A New York Times bestseller

"The same gorgeous, layered richness that marked Towles' debut, Rules of Civility , shapes [ A Gentleman in Moscow ]" - Entertainment Weekly
 
"Elegant... as lavishly filigreed as a Fabergé egg" - O, the Oprah Magazine
 
He can't leave his hotel. You won't want to.
 
From the  New York Times  bestselling author of  Rules of Civility --a transporting novel about a man who is ordered to spend the rest of his life inside a luxury hotel 

"Towles's greatest narrative effect is not the moments of wonder and synchronicity but the generous transformation of these peripheral workers, over the course of decades, into confidants, equals and, finally, friends.  With them around, a life sentence in these gilded halls might make Rostov the luckiest man in Russia." - The New York Times Book Review

In 1922, Count Alexander Rostov is deemed an unrepentant aristocrat by a Bolshevik tribunal, and is sentenced to house arrest in the Metropol, a grand hotel across the street from the Kremlin.
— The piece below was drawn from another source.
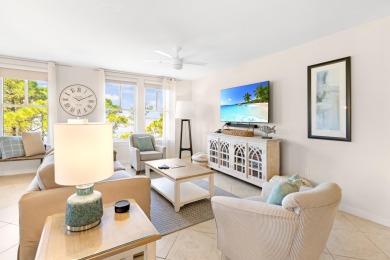 Located on the 4th floor of Bahia, this bayfront end unit offers on Sandestin Golf and Beach Resort - Raven in Florida - for sale on GolfHomes.com, golf home, golf lot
Rostov, an indomitable man of erudition and wit, has never worked a day in his life, and must now live in an attic room while some of the most tumultuous decades in Russian history are unfolding outside the hotel's doors. Unexpectedly, his reduced circumstances provide him entry into a much larger world of emotional discovery.

Brimming with humor, a glittering cast of characters, and one beautifully rendered scene after another, this singular novel casts a spell as it relates the count's endeavor to gain a deeper understanding of what it means to be a man of purpose.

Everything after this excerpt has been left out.